◆ Problem ◆
When you reach the line containing "Eddie Cahill - Page 10 Eddie612", begin reproducing the lines exactly and continue through the end of the listing, leaving out the pictures.

◆ The data ◆
_____
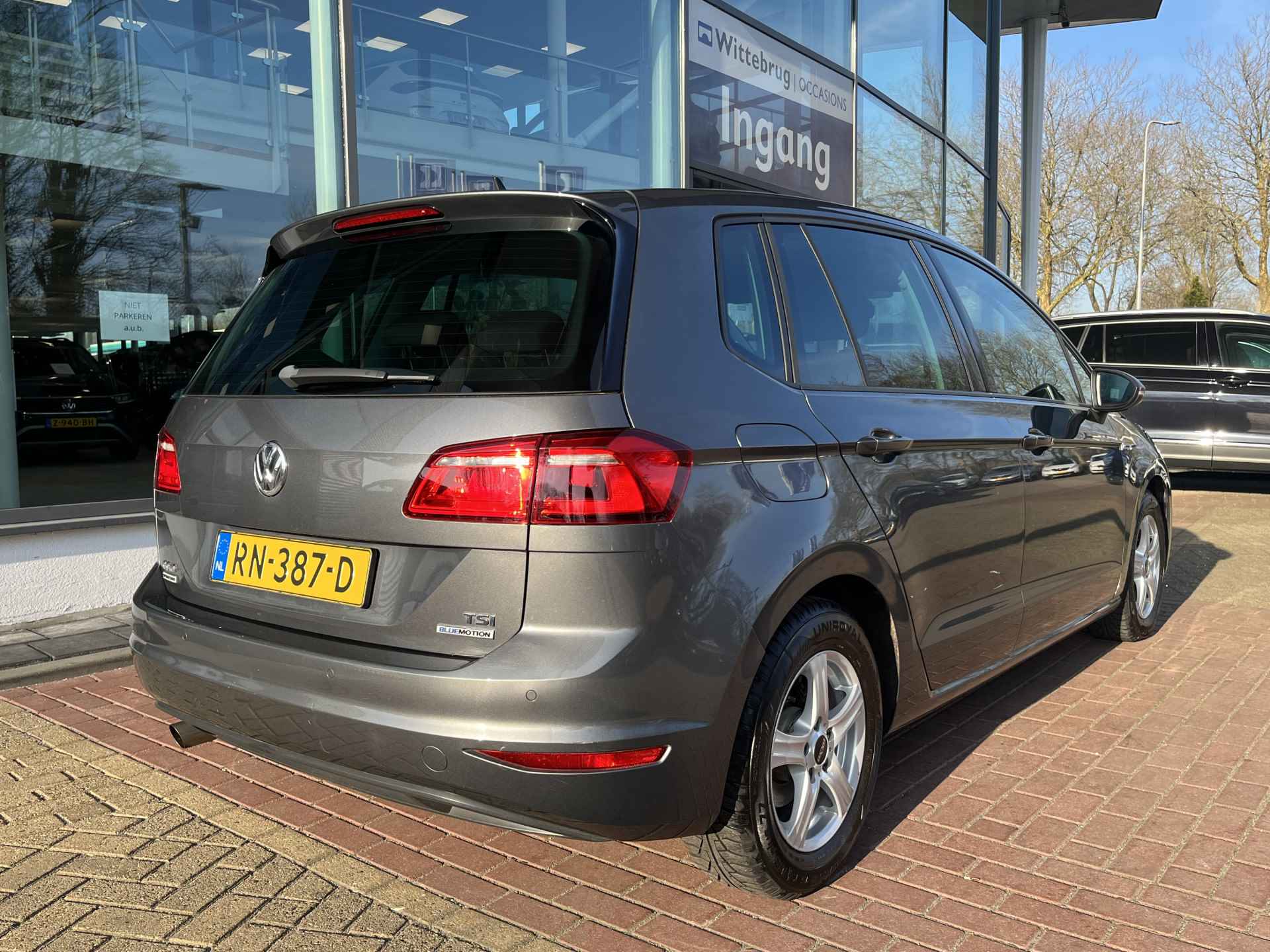 Volkswagen Golf Sportsvan 1.0 TSI Comfortline / Automaat / Cruise control / Navigatie / Climate control / Parkeersensoren - 14/26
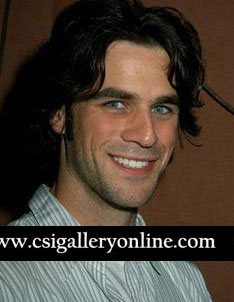 Eddie Cahill - Page 10 Eddie612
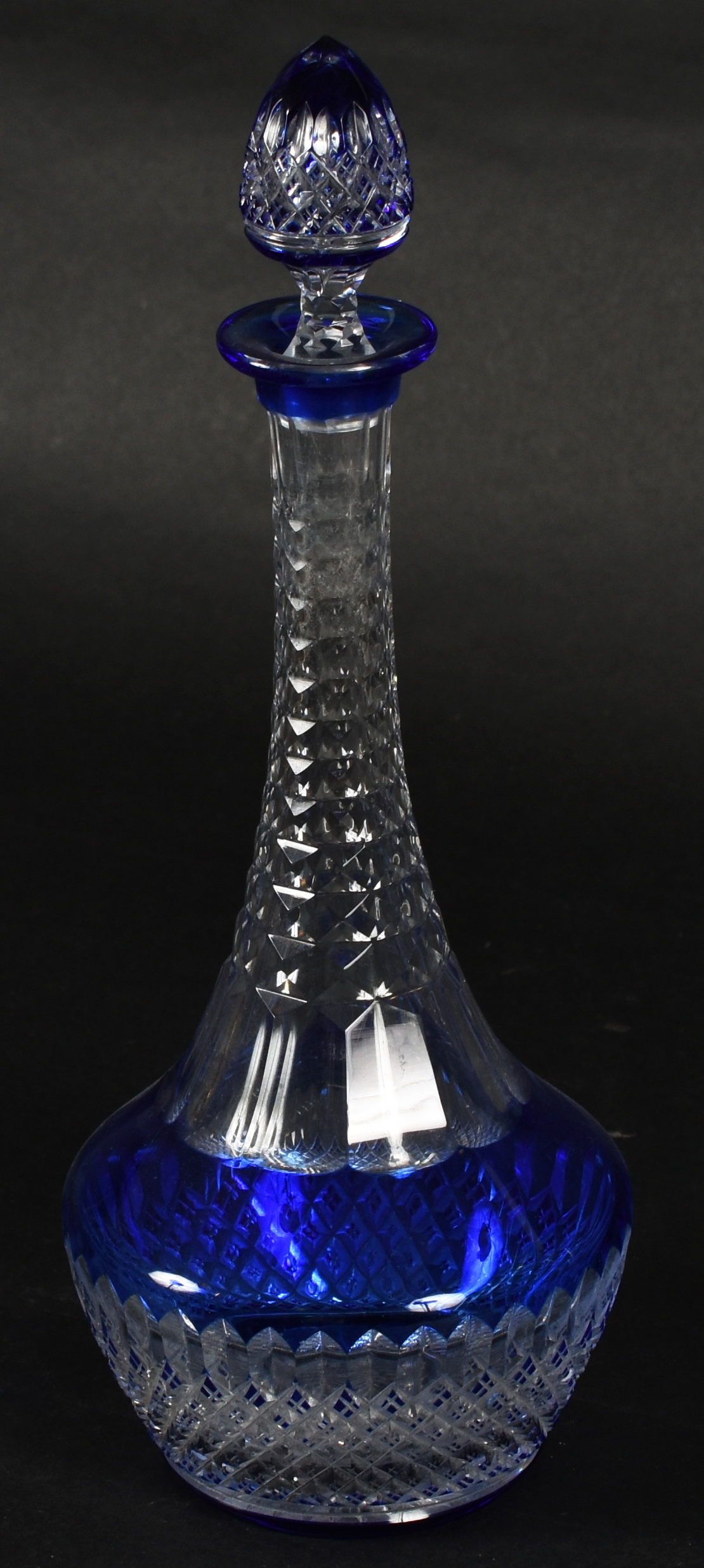 Garrafa/ licoreiro – Cristal Baccarat – Decoração lapidada em tons... - foto 2 de 2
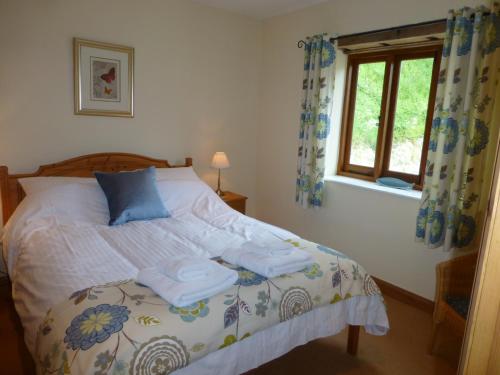 um quarto com uma cama com toalhas em Wagon House, Bookham Court em Dorchester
_____
◆ Answer to the problem ◆
 Eddie Cahill - Page 10 Eddie612
 Garrafa/ licoreiro – Cristal Baccarat – Decoração lapidada em tons... - foto 2 de 2
 um quarto com uma cama com toalhas em Wagon House, Bookham Court em Dorchester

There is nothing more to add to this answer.